Lors de la journée d’études aixoise de décembre 2022, une présentation du vocabulaire de Polybe a été proposée par Marie-Rose Guelfucci, qui avait relevé le défi de ce travail complexe. De fait, le bois est à la fois accessoire et omniprésent dans les textes que nous abordons et la recherche et l’interprétation de ses occurrences a été une lourde tâche. Marie-Rose Guelfucci l’avait entamée avec curiosité et enthousiasme et son intervention lors de la journée d’études nous a séduits par son dynamisme et sa pertinence.
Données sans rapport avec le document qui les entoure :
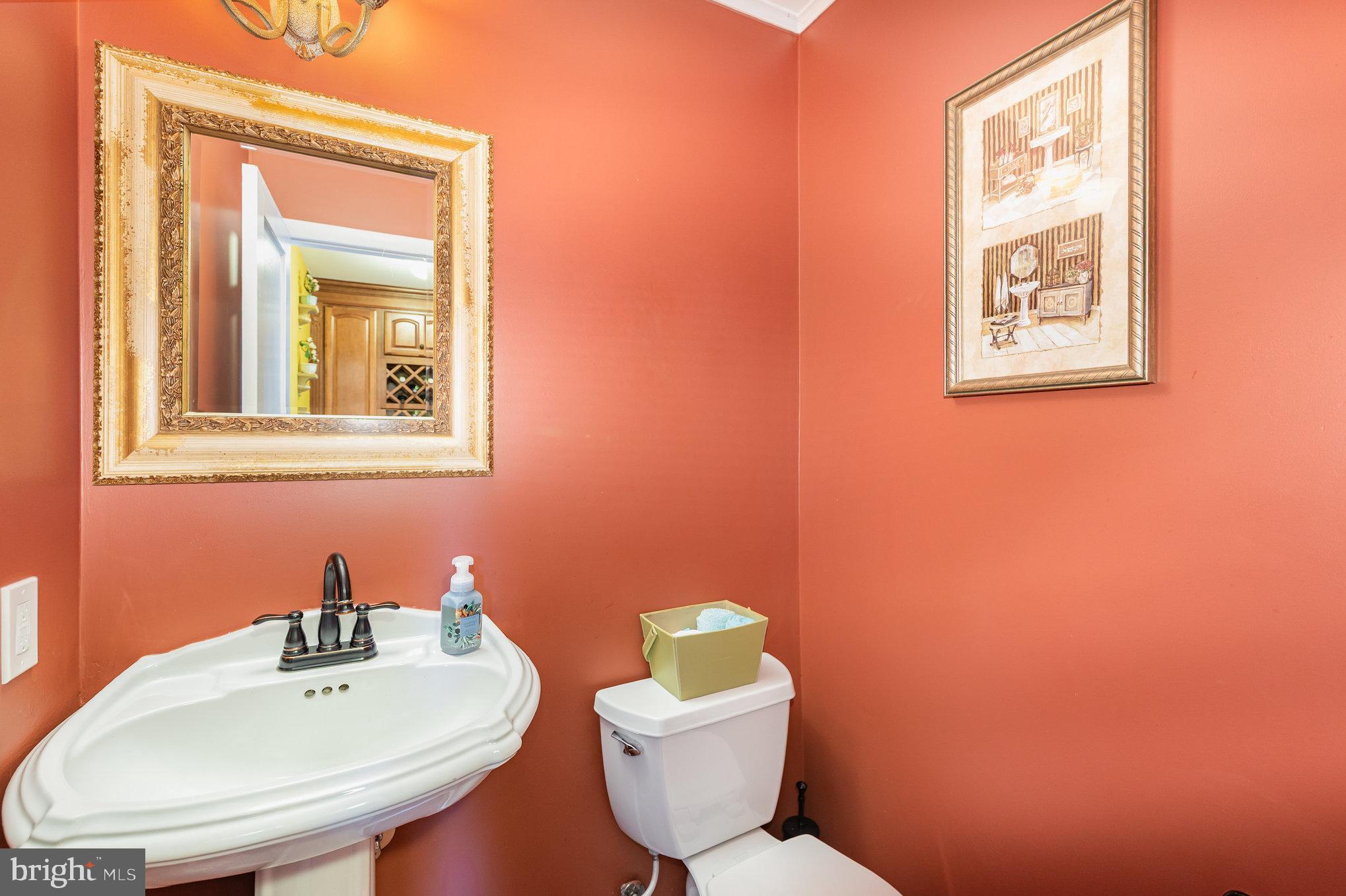 3827 Justin Road Monkton, MD 21111 - Photo 16 of 51 a bathroom with a toilet sink and mirror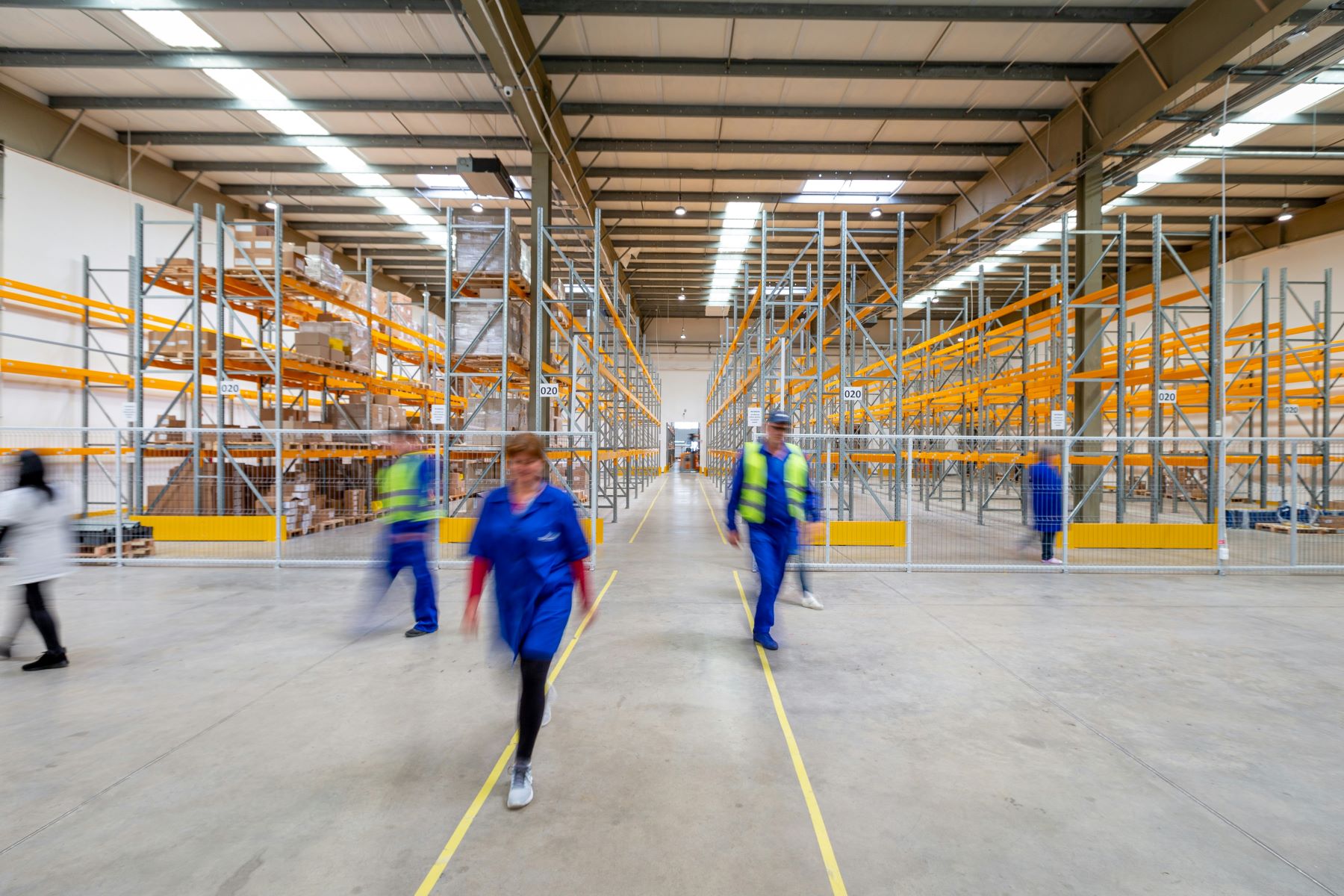 People walking through a warehouse.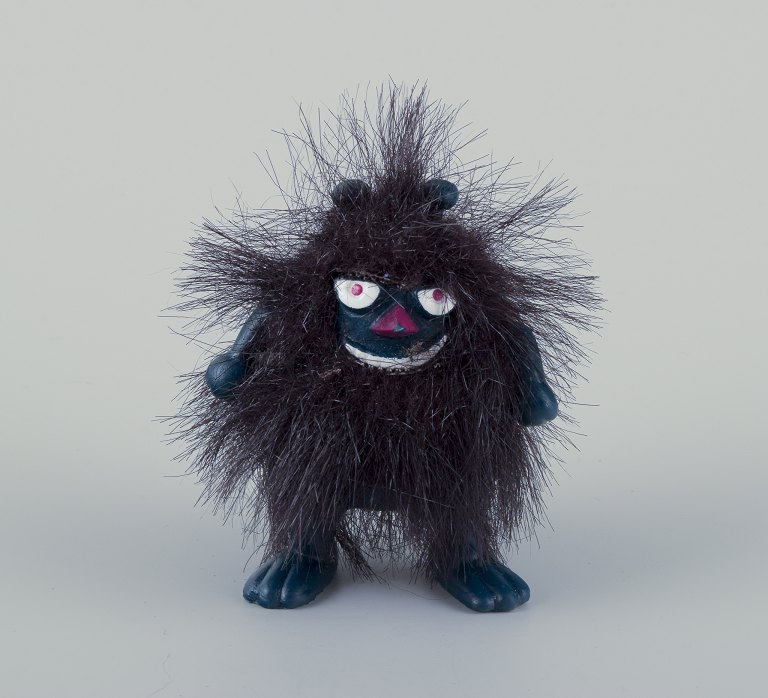 Martinex, Finland. "Stinky" Mummi figur af mørkeblåtplast beklædt med sort hår.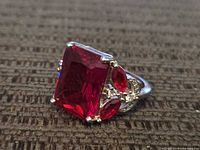 Oblique view showing large red emerald-cut stone and side accents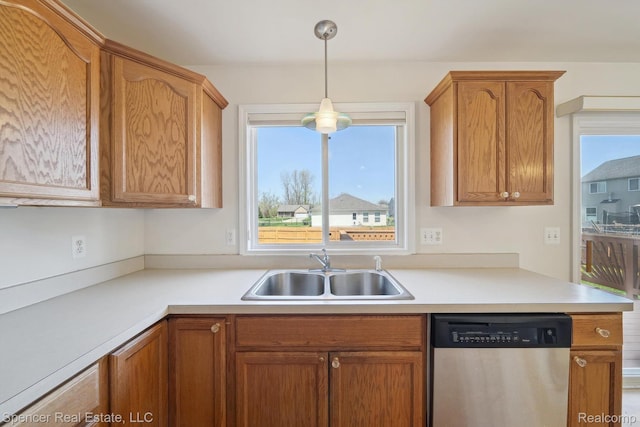 61 Old Carriage Ln, Lapeer, MI 48446 - kitchen with stainless steel dishwasher, plenty of natural light, light countertops, and pendant lighting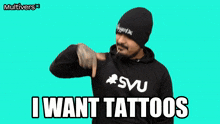 a man wearing a hoodie that says " i want tattoos "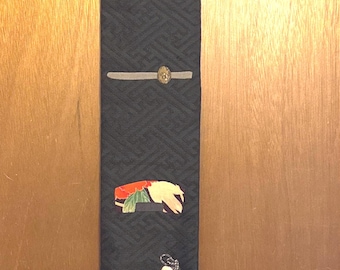 Japanese Obi Wall Hanging, Okina mask pins, silk fiber arts 46” x 6”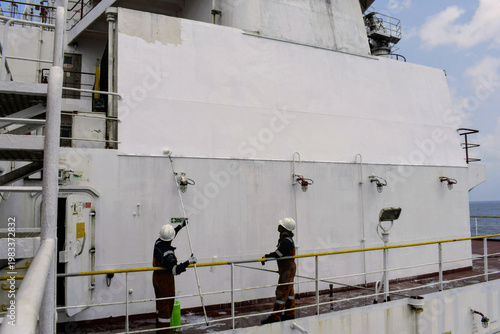 seafarers applying fresh paint on vessel superstructure using long rollers, showcasing routine maintenance, safety gear and teamwork at sea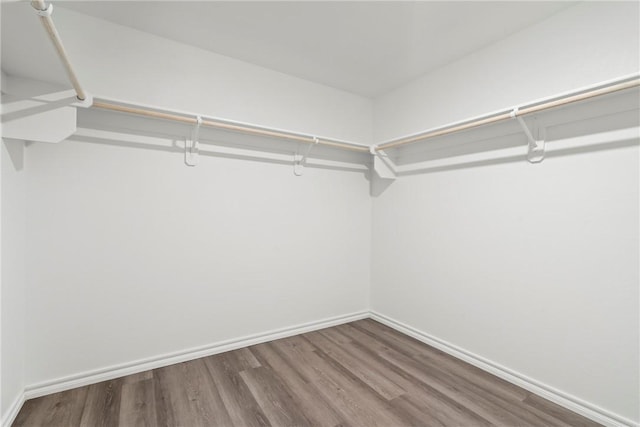 1300 Bates St, Gentry, AR 72734 - spacious closet with wood finished floors
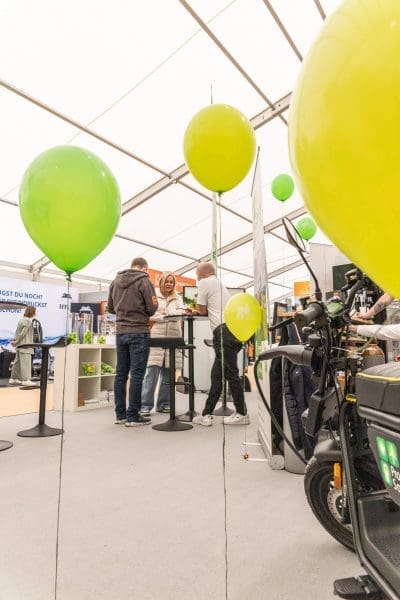 Menschen stehen um Stehtische herum und unterhalten sich bei einer Indoor-Veranstaltung oder -Ausstellung. Im Vordergrund schweben grüne und gelbe Luftballons, und im Hintergrund sind Displays und ein Motorroller zu sehen.
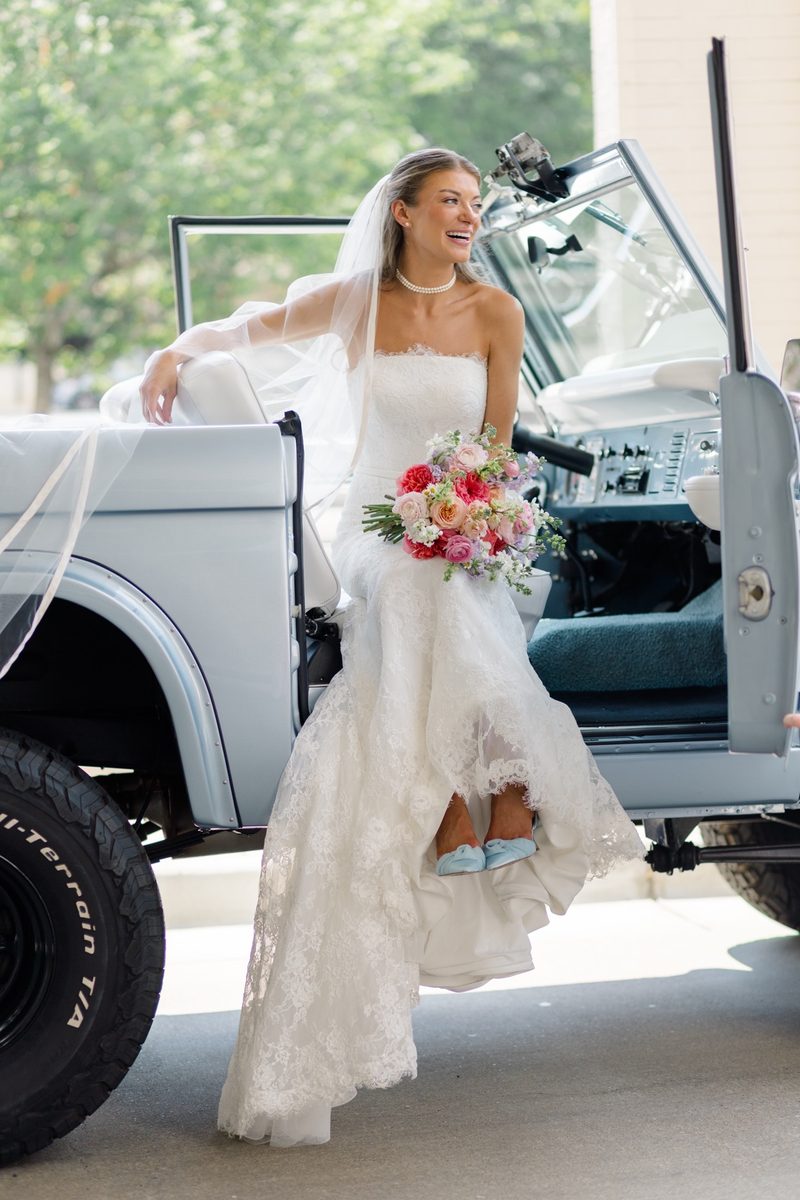 Bride in a lace gown steps out of a vintage blue Bronco, bouquet in hand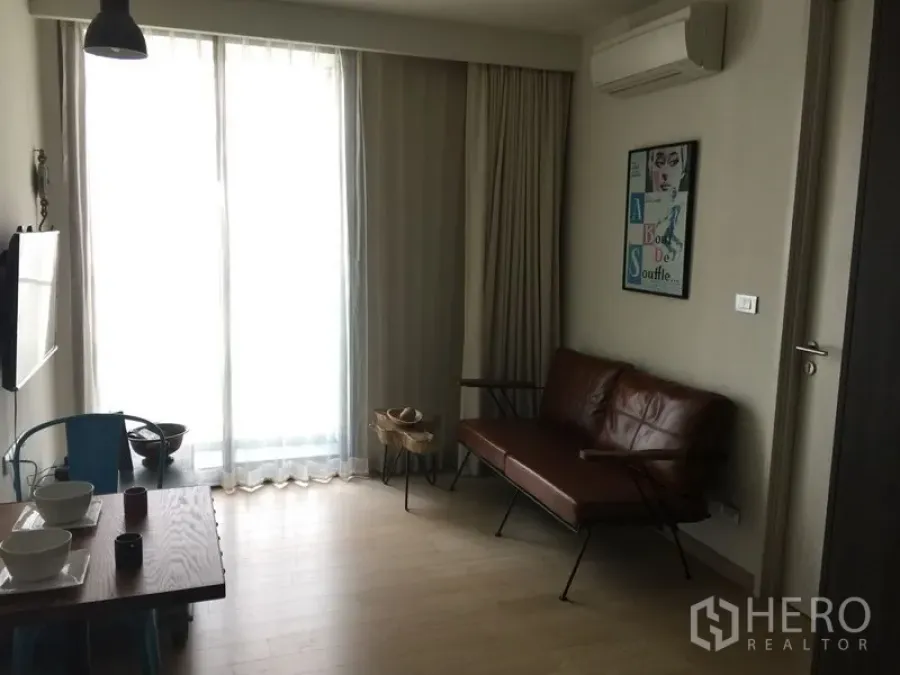 公寓 出租在Watthana, Bangkok - 明亮客厅，棕色皮沙发、落地窗帘、壁挂空调与用餐角。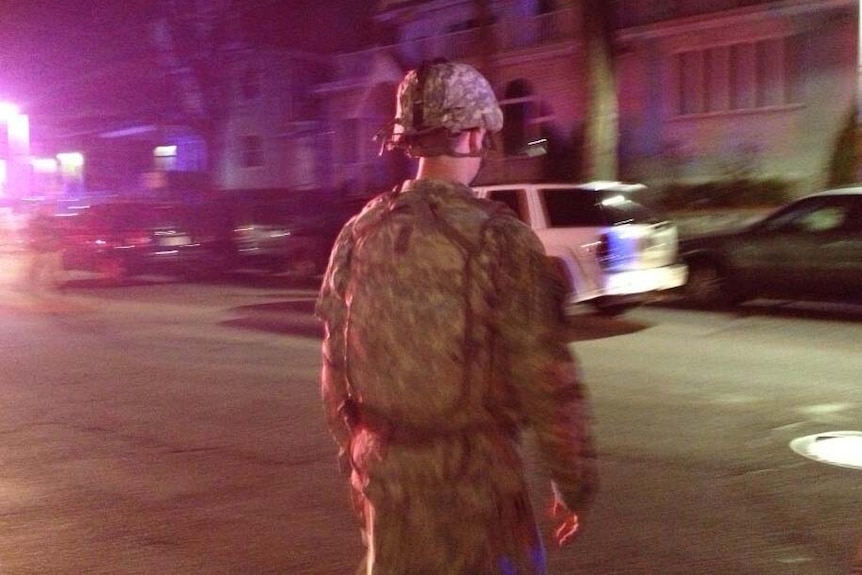 A soldier patrols the scene of a shooting incident in Watertown, near Boston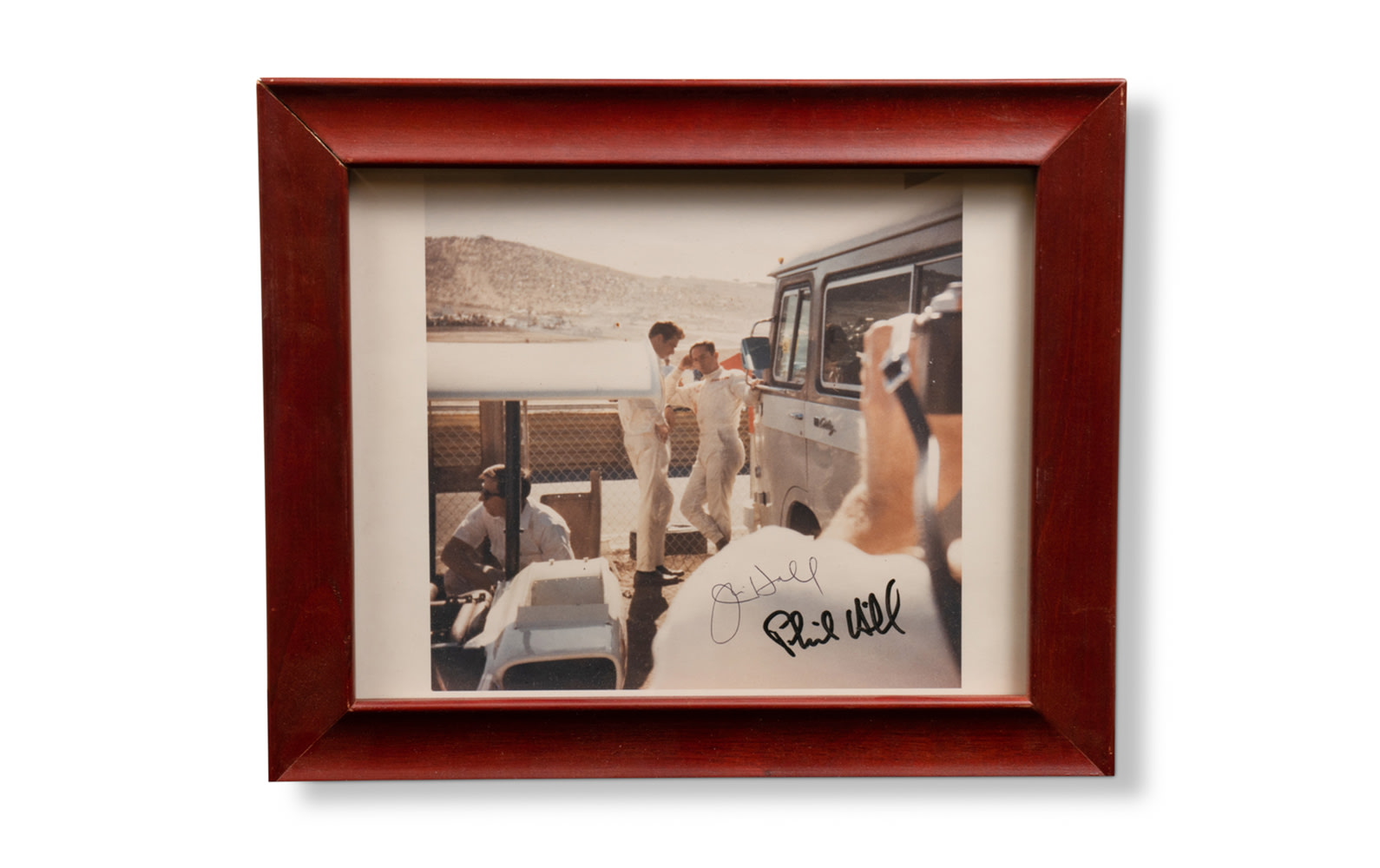 Signed Photograph of Phil Hill and Jim Hall at Laguna Seca, 1966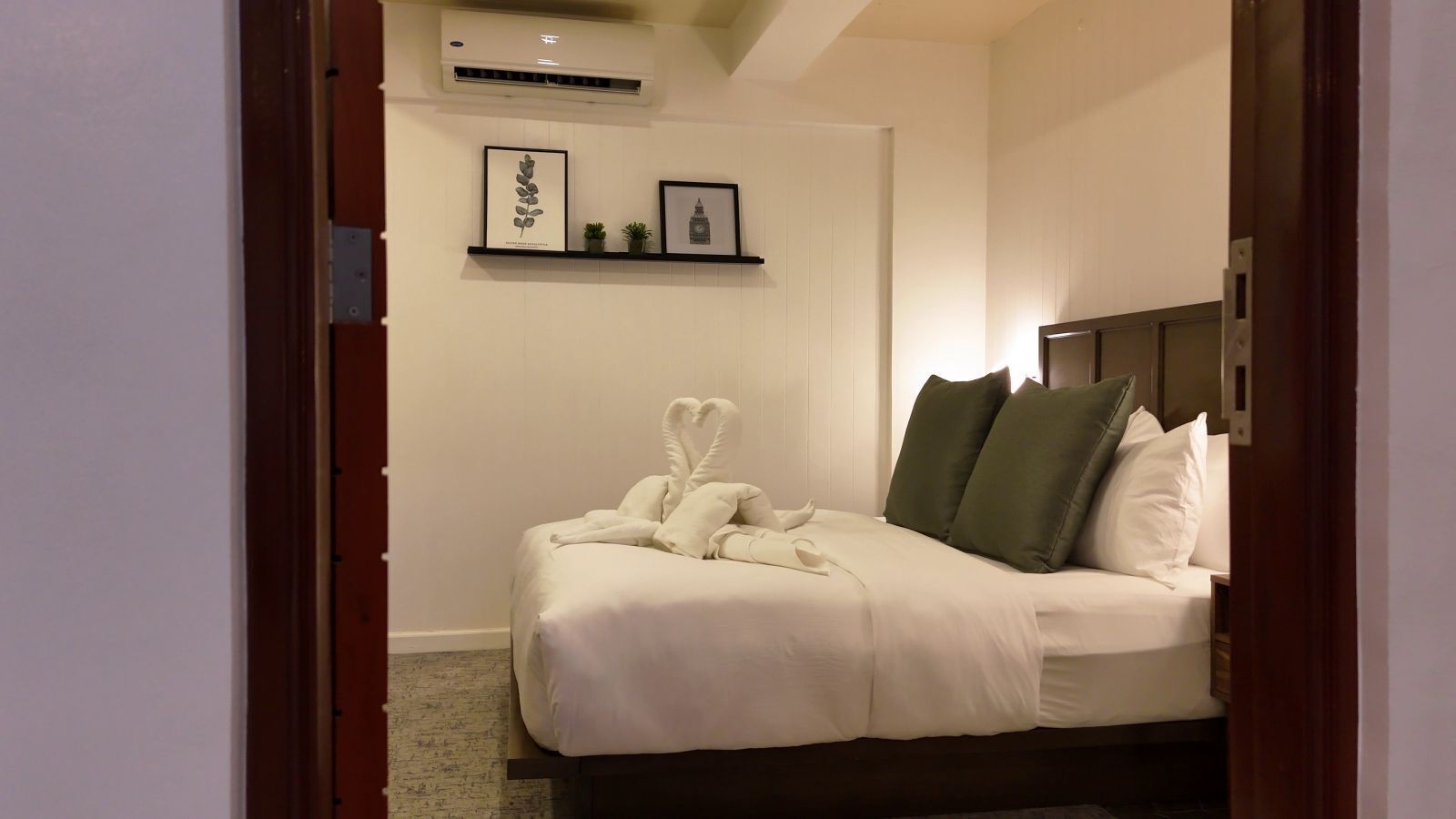 A hotel room with a neatly made bed, a headboard, and a shelf with framed pictures.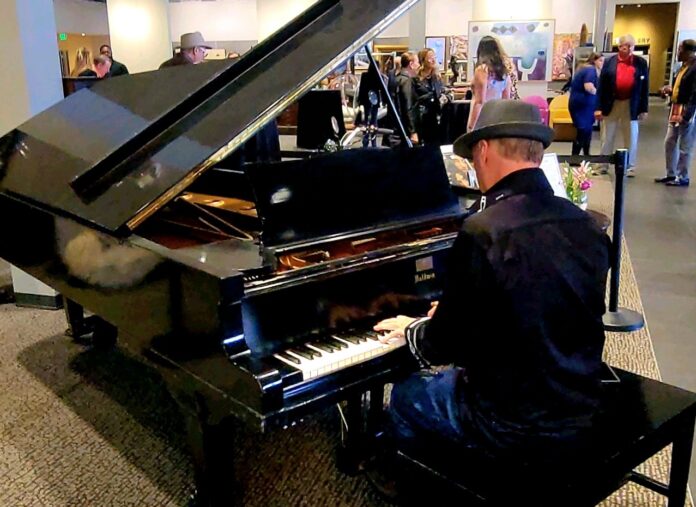 a man sitting at a piano in a lobby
Sa disparition subite ne lui a pas laissé le temps de donner forme à son étude ; à partir des notes qu’elle avait laissées, son disciple Daniel Battesti a cherché à rendre compte dans cette publication de l’état qu’avait atteint sa recherche.

Puissions-nous, en dédiant ce dossier à la mémoire de Marie-Rose Guelfucci, rendre hommage à sa science, son esprit et sa fougue.

 

Cécile Durvye, Université d’Aix-Marseille, TDMAM ; Stéphane Lamouille, CNRS, IRAA ; Valérie Schram, CNRS, ArScAn.

REA, T. 125, 2023, n°2, p. 309 à 312

 

[1]. Τα υλικά δομής των Αρχαίων Ελλήνων, Athènes 1955-1958. Traduction française : Les matériaux de construction et la technique architecturale des anciens Grecs, 2 vol., Athènes-Paris 1966-1968.

[2]. Manuel d’architecture grecque, I : matériaux et techniques, Paris 1965.

[3]. The Woodworks of Greek Roofs, Cambridge 1960.

[4]. Λεξικόν αρχαίων αρχιτεκτονικών όρων, Athènes 1986.

[5]. Recherches sur le vocabulaire de l’architecture grecque d’après les inscriptions de Délos, Paris 1992.

[6]. Rome, 1985 (tome I), 1992 (tome II), 1998 (tome III).

[7]. Le démarrage officiel du projet s’est matérialisé avec les journées d’études « Les mots du bois en grec du linéaire B au grec byzantin » organisées à Toulouse les 15 et 16 octobre 2021 par le CRHEC (Centre de recherche en histoire européenne comparée), le CRATA (Culture, Représentations, Archéologie, Textes Antiques) et l’IRAA (Institut de Recherche sur l’Architecture Antique), qui ont réuni les membres qui animent aujourd’hui ce groupe de recherche (https://bama.hypotheses.org/71). L’objectif était alors de dresser une liste des termes liés au travail du bois sur la longue durée et d’élaborer un protocole d’étude de ces termes : classement des occurrences, étymologie, étude des contextes d’apparition et des sens, registres et fréquence d’usage, cadre géographique d’emploi du terme, postérité ou abandon.

[8]. « Les mots grecs du bois aux IIe et Ier siècles av. J.-C. : Polybe, Diodore de Sicile, Strabon, Denys d’Halicarnasse », journée d’études organisée à Aix-en-Provence le 2 décembre 2022 grâce au soutien du TDMAM (laboratoire Textes et Documents de la Méditerranée Antique et Médiévale) et de l’IRAA.

[9]. V, 105, 4-8.

[10]. Cf. L. Mondin, « La littérature monumentale à Rome aux Ier s. a.C. et Ier s. p.C. » dans A. Cohen‑Skalli éd., Historiens et érudits à leur écritoire. Les œuvres monumentales à Rome entre République et Principat, Bordeaux 2019, p. 17-38.